Blake Crouch’s latest thriller is — delightfully — about something.

Assumed Audience: readers of sci-fi or thrillers or both — especially if you have an interest in identity, memory, and the ways they intersect.

cover for Recursion
Recursion, Blake Crouch (2019)
Blake Crouch’s Recursion was the first thriller I’ve read in a long time — and it didn’t let me down. Its interest in identity and memory made it more than just a thriller, and I’m glad I read it.

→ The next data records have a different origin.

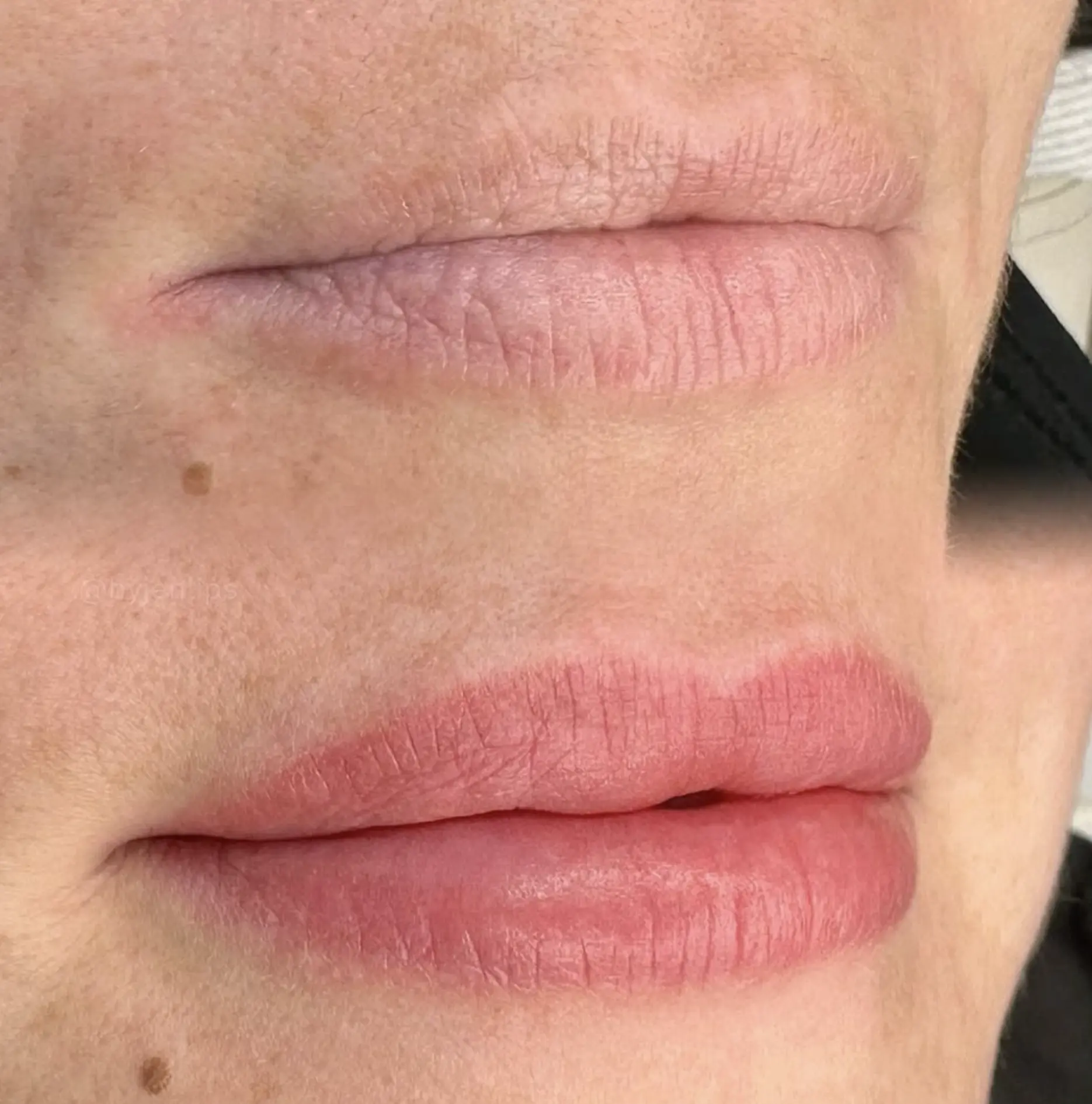 fast lip healing tips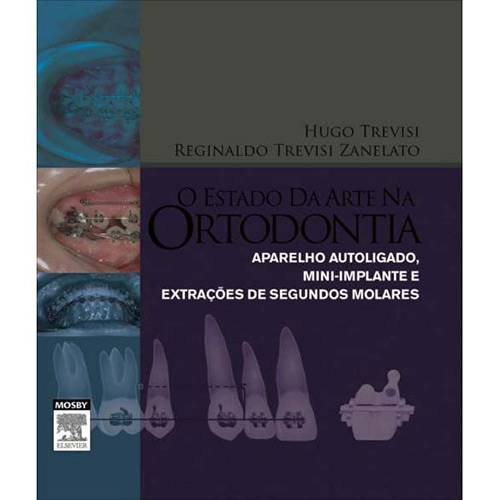 Livro - Estado da Arte na Ortodontia, o - Aparelho Autoligado, Mini-Implante e Extrações de Segundos Molares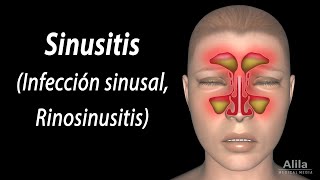 Sinusitis Animación Alila Medical Media Español [upl. by Jake]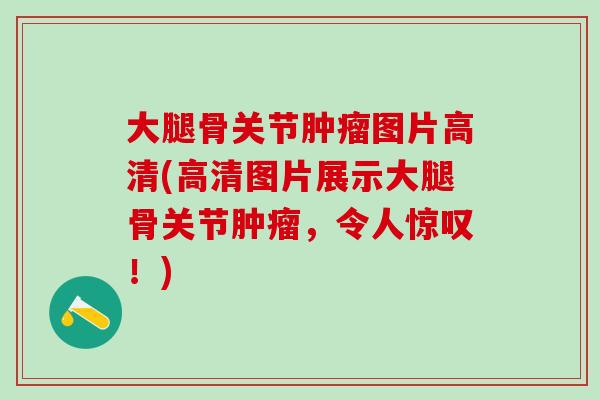 大腿骨关节肿瘤图片高清(高清图片展示大腿骨关节肿瘤，令人惊叹！)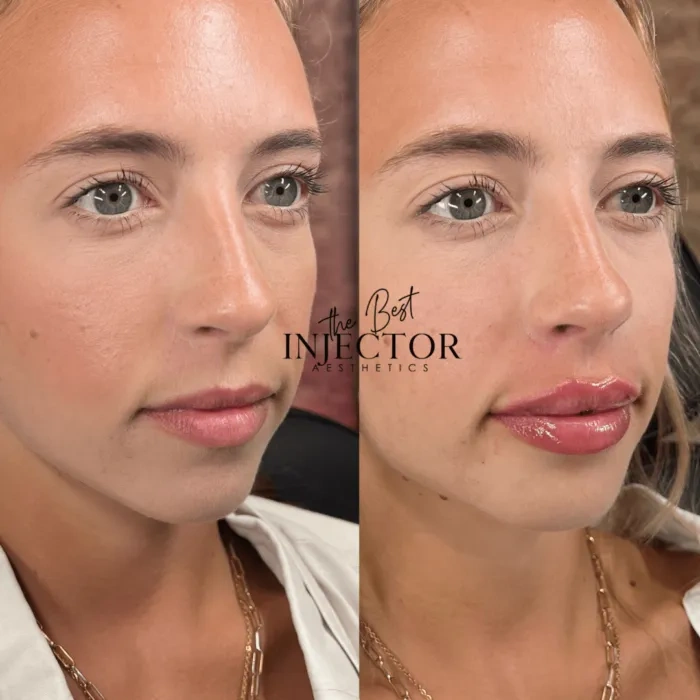 Fillers Before and Afte Fourth in Delray Beach, FL at The Best Injector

Over my Christmas vacation, I picked up and read two of Blake Crouch’s novels: Recursion and Dark Matter. Recursion is the more recent of the two, published just this year, but the one I read first. It’s a romp of a book, a sci-fi thriller that pushes on questions of personal identity and memory and the relationship between the lives we have lived and the ways we remember them. The characters were fun and well-drawn; the plot twists always made sense; the conclusion worked.

The value of that last bit is hard to overstate: I generally don’t read thrillers because the handful I have read left a bad taste in my mouth with their dissatisfying endings. Recursion doesn’t have that problem, thankfully. I read it start to finish over the span of just a few days, and enjoyed it so much that I immediately picked up Dark Matter to read as well.

My favorite thing about the book is that it was about something: it wasn’t just a thriller, but a thriller interested in those questions of identity and memory. It was still popcorn, but… popcorn with a side of mashed potatoes or something like that.